Friday, November 12, 2010

andy goldsworthy lesson

I wanted to include natural objects in my recycled art class, and have the children experience working in nature, but planning such a lesson in this neighborhood is challenging. There aren't any woods or large parks nearby and we don't have the capacity to bus our students (yet). But I felt that for these reasons it was all the more important that the students experience working outdoors using natural objects. So I went to the woods over the weekend and filled my car up with branches and sticks.


It seemed pretty obvious to use Andy Goldsworthy's work as a model for our project. While we ate our snack after arriving, we watched a scene from the documentary about him where he builds a circular object out of sticks. The video was on mute because I thought I would best capture the attention span of two to five year olds if we discussed what was on screen while watching it.
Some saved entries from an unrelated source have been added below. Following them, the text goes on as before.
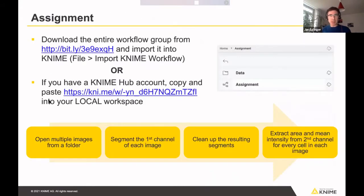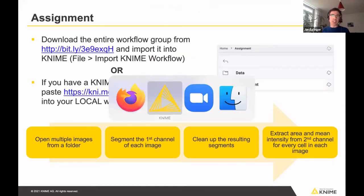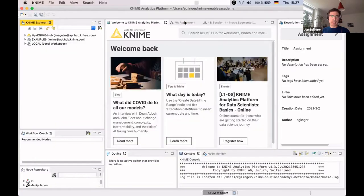Now I'll jump to the assignment we gave at the end of the last session. Here are the links again — the assignment workflow is available online; you can download it as an archive or go to the Hub and download it from there. Given the webinar format we can't make it fully interactive, but I will walk through a proposed solution interactively in KNIME. Let's switch to the assignment workflow.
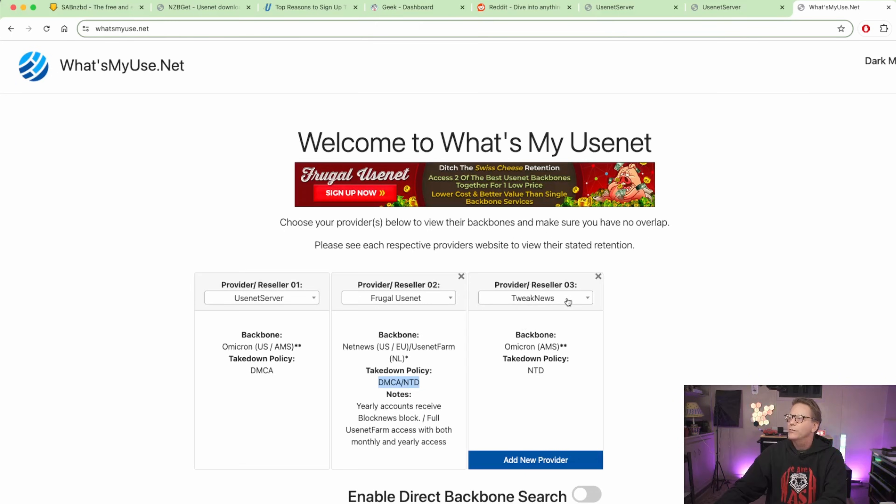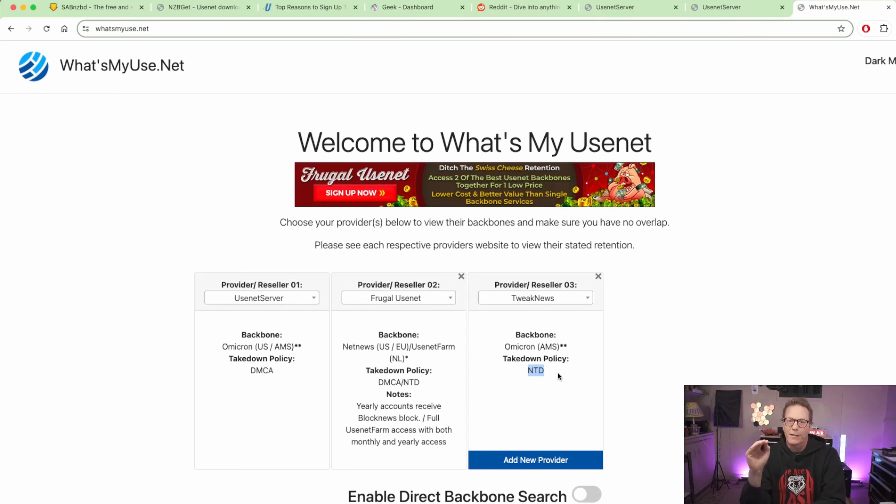Tweak News also has the Omnicron backbone but its takedown policy is only NTD, not DMCA, so it won't be affected by DMCA takedowns. What files are available depends on what country you're in, what takedown policies apply, and what backbone it uses. Besides Usenet providers, you might also consider getting different indexers, since indexers are only as good as the software and people that maintain them. There are also specialized indexers for different types of content.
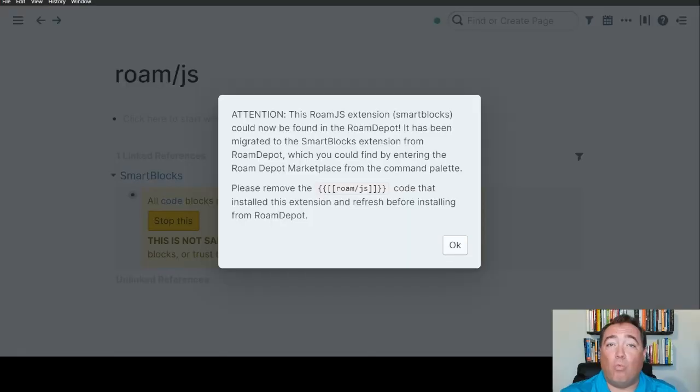But if you have, you actually have to undo having the original version of SmartBlocks installed. You have to remove the Roam.js extension that's in your graph so that you can then install the Roam Depot version. Here's how that works.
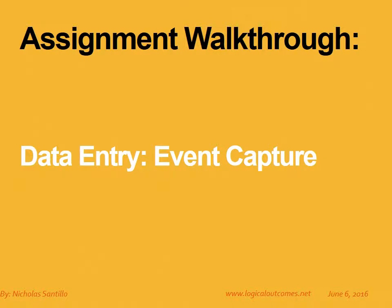Hello and welcome to this assignment walkthrough video for the DHIS2 curriculum developed by Logical Outcomes. My name is Nicholas Santillo and in this video I'm joined by Sarah Godden, and together we look at how to enter data for event capture programs in DHIS2.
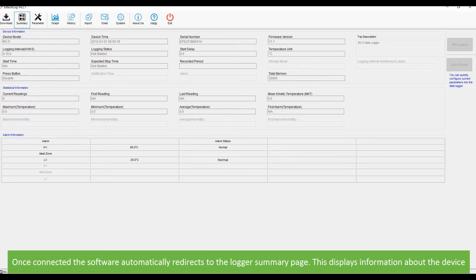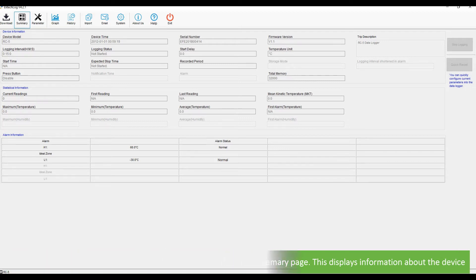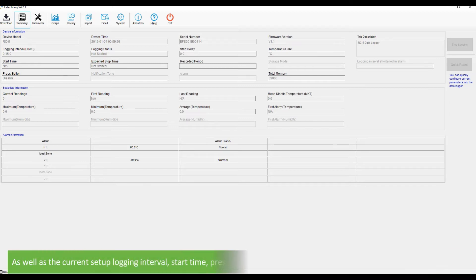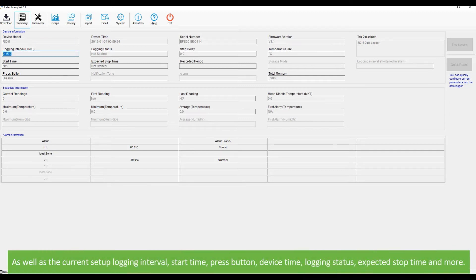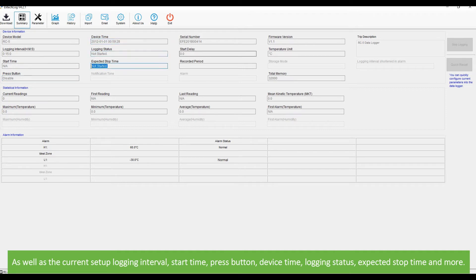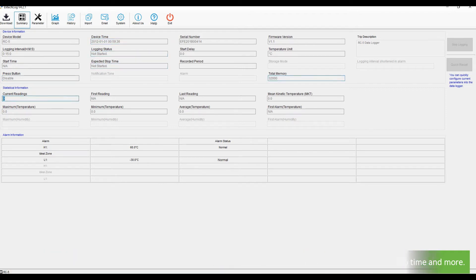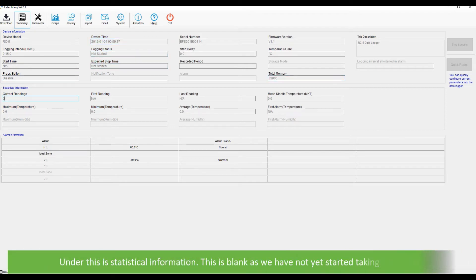This displays information about the device as well as the current setup logging interval, start time, press button, device time, logging status, expected stop time and more. Under this is statistical information. This is blank as we have not yet started taking readings.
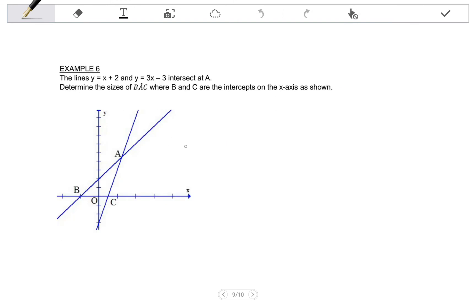If we look at a second example: we are given the lines Y equals X plus 2 and Y equals 3X minus 3, which intersect at A. Determine the size of angle BAC, where B and C are the intercepts on the X axis as shown. Looking at the diagram, we are not told which equation belongs to which line. If I look at the gradients of the equations given, one gradient is 1 and the other gradient is 3. They are both positive gradients, which means both graphs are increasing, but one is steeper than the other.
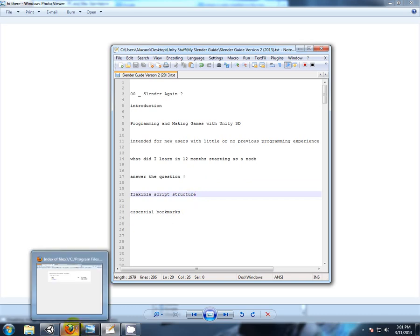So I'm going to cover a couple of essentials that we're going to be constantly referring to in this guide. And this is the Unity script reference and the Unity user manual. Now, first I'll show you how to store a bookmark to your local reference to your documentation.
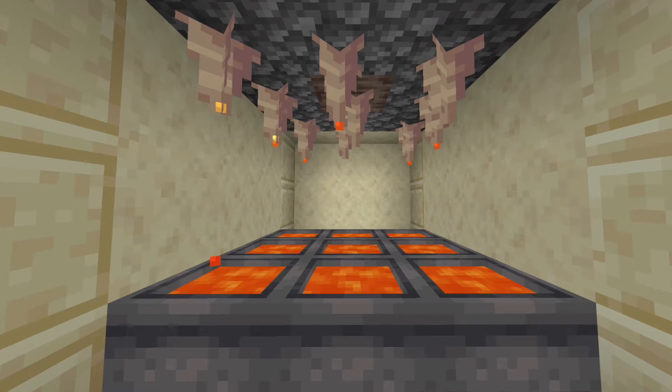The first thing you want to do is put the cauldron down, and then it doesn't matter how high the dripstone is above it, as long as it's dripping into it, it will work.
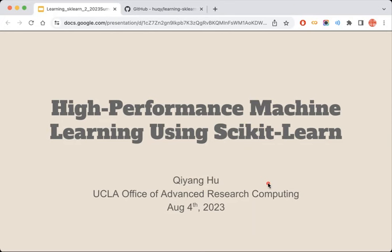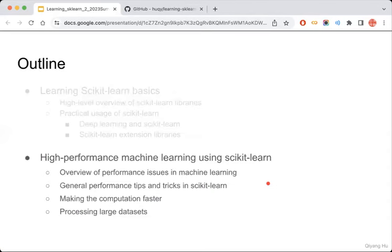This is my second talk about learning scikit-learn, so in this talk I will focus on some advanced topics. Specifically, I will talk about how to use scikit-learn to do some high-performance machine learning. I know this might be a very advanced topic for a two-hour workshop, but I will try my best. I'm going to give you some basic ideas about what performance means when doing machine learning tasks, and also some general performance tips and tricks in using scikit-learn.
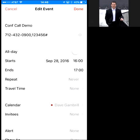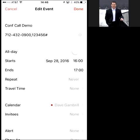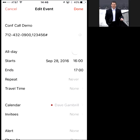712-432-0900, and then I put a comma after the number — that will create a pause. The iPhone will wait for the system to pick up, and when it does it'll go ahead and dial that number. Now obviously that's a bogus number, but I put it in there and then I put the pound sign, and all of that will be taken care of automatically when you log in to the conference call.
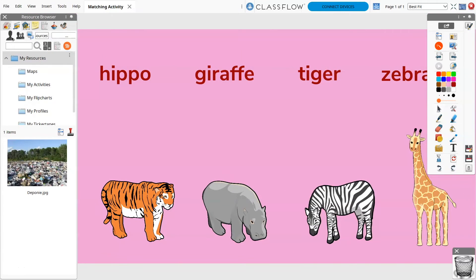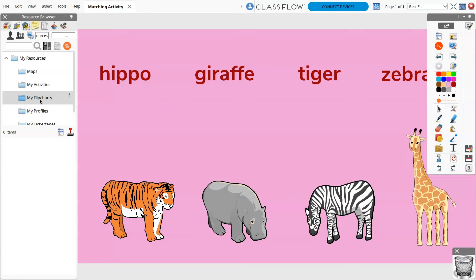You may also wish to save your flipchart under my resources, under the resource browser in the my flipcharts folder. Flipcharts saved here are available within your resource library.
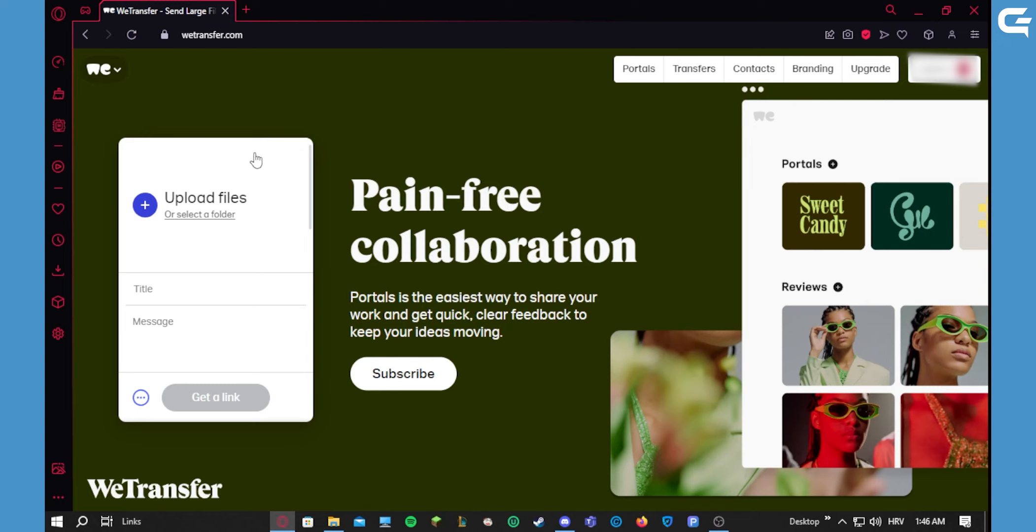After that, they just click on the link and download your files.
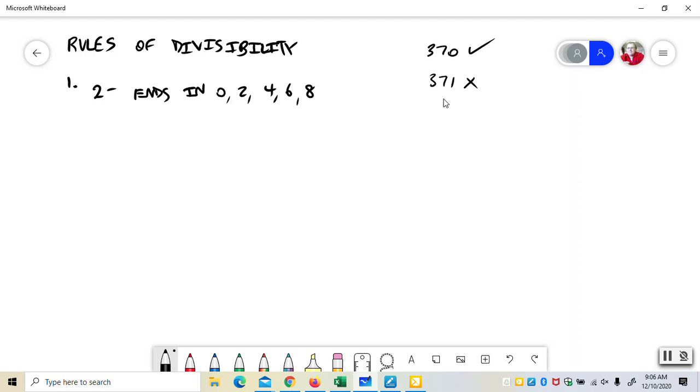It's not enough to say that it's divisible by 2 if it's even, because that's what even means. Even means divisible by 2. So if you say a number is divisible by 2 if it's even, you're basically saying a number is divisible by 2 if it's divisible by 2. But it has to end in these numbers.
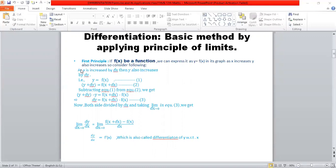So consider the following: as x increases by delta x, then y increases by delta y. That is equation 1: y = f(x). Equation 2: y plus delta y = f(x plus delta x). Subtracting equation 1 from equation 2, we get y plus delta y minus y equals f(x plus delta x) minus f(x). While y gets cancelled, we get delta y equals f(x plus delta x) minus f(x). This is equation 3.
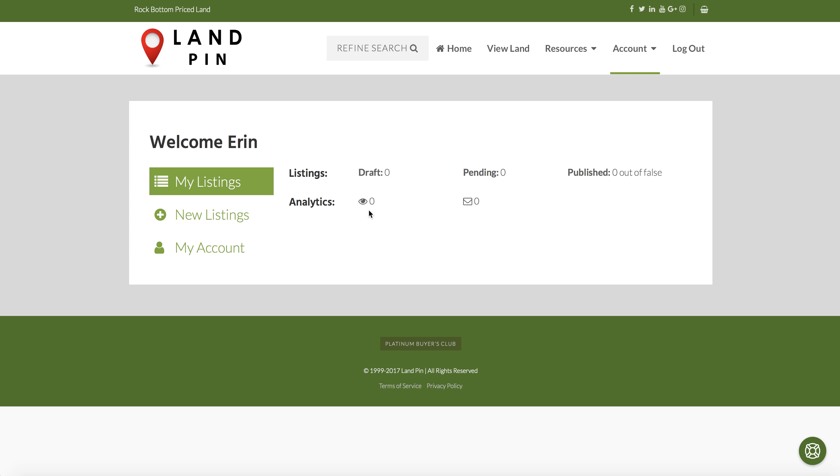Down here you can see how many people have viewed your properties and this is how many people have emailed you from the link on the LANPIN site.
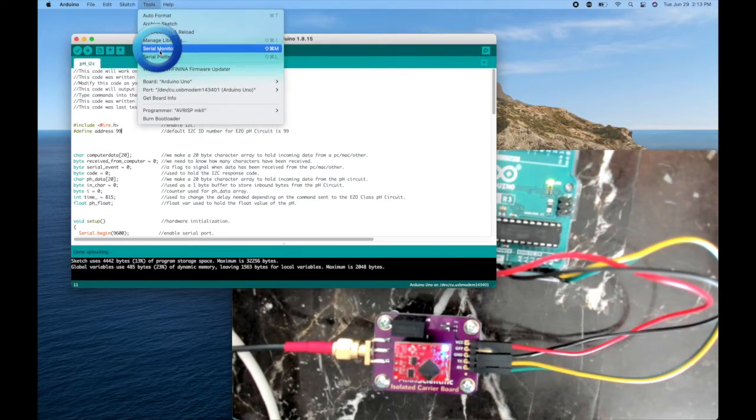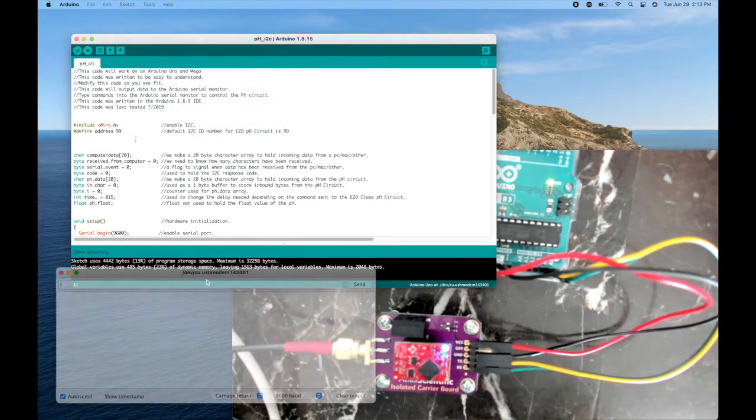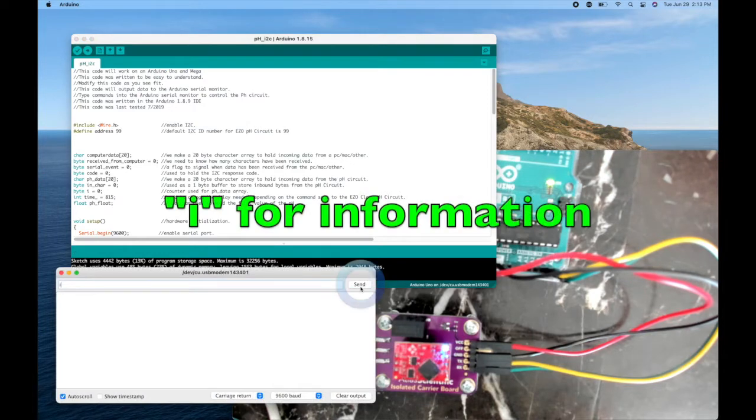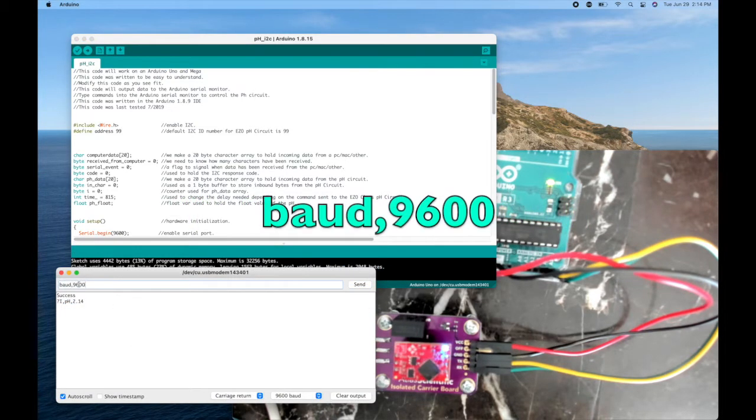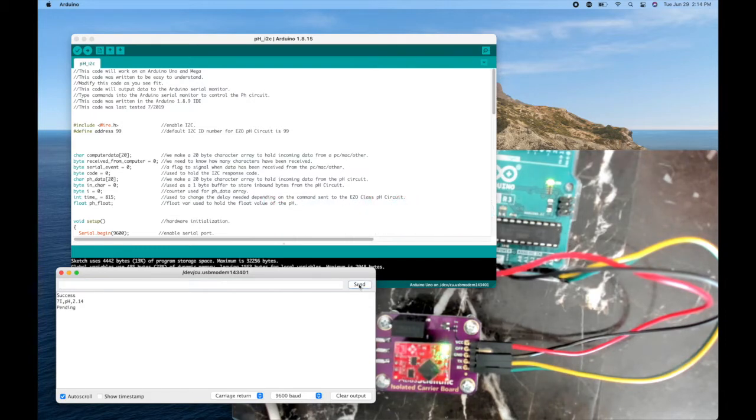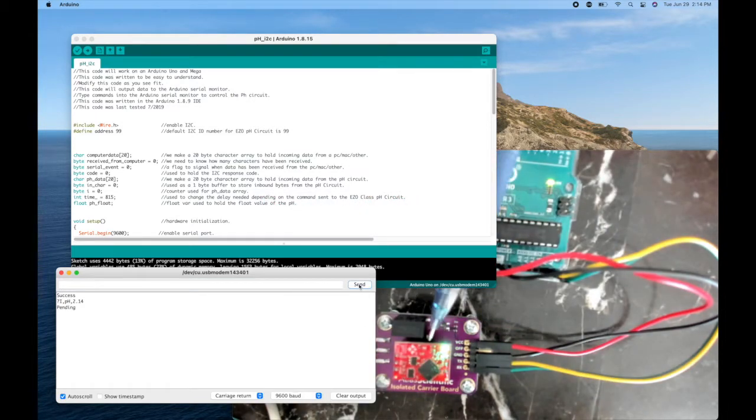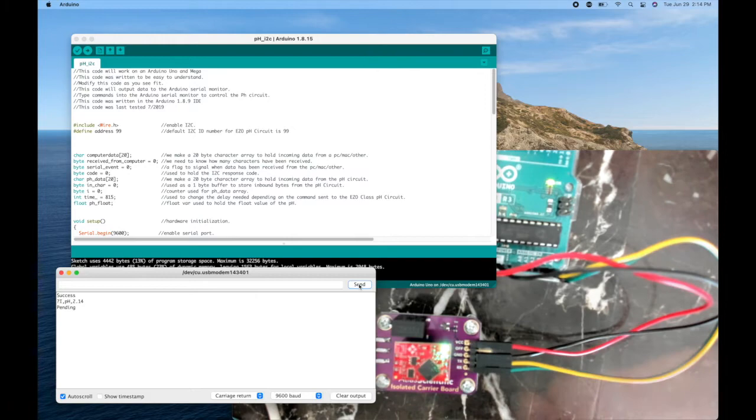We'll open the serial monitor, type I. Okay, we have access to it, and now I'll type baud comma 9600. I'll send that, and it's just switched me with the green flash over to UART mode.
I asked the students what they thought he was making. The kids said it looked like a beaver home. I asked how many sticks they thought he used (they agreed on 100 or so) and what was going to happen to the structure. One student said he believed that beavers would take it over and live in it, right when we watched it start to break apart and float away in the river. I asked what they thought Andy Goldsworthy was thinking about when he watched his artwork floating away. They said they thought he was sad, watching it go away. I asked if it was okay if he was a little bit sad. This got no response so I introduced the idea that some art is made just to be temporary, because the artist just likes making it, and that not all of our artwork is meant to last forever, but it's still important that we make it.

We then went outside to the empty lot next to our building with the branches and sticks that I collected in the woods over the weekend. The only request that I made was that our project involve a circle somehow. The students had trouble understanding that we were making one big group project, and ended up working on their own segments which devolved into working on their own pieces altogether. They also used the grass as a flat surface, like a piece of paper, on which to make a flat “drawing” with the sticks, so I encouraged them to pile them up and make it three-dimensional.


One student made a cow. He said it was his father as a cow, which I thought was pretty profound.



A two-year-old student made a bird's nest. It was a very realistic bird's nest.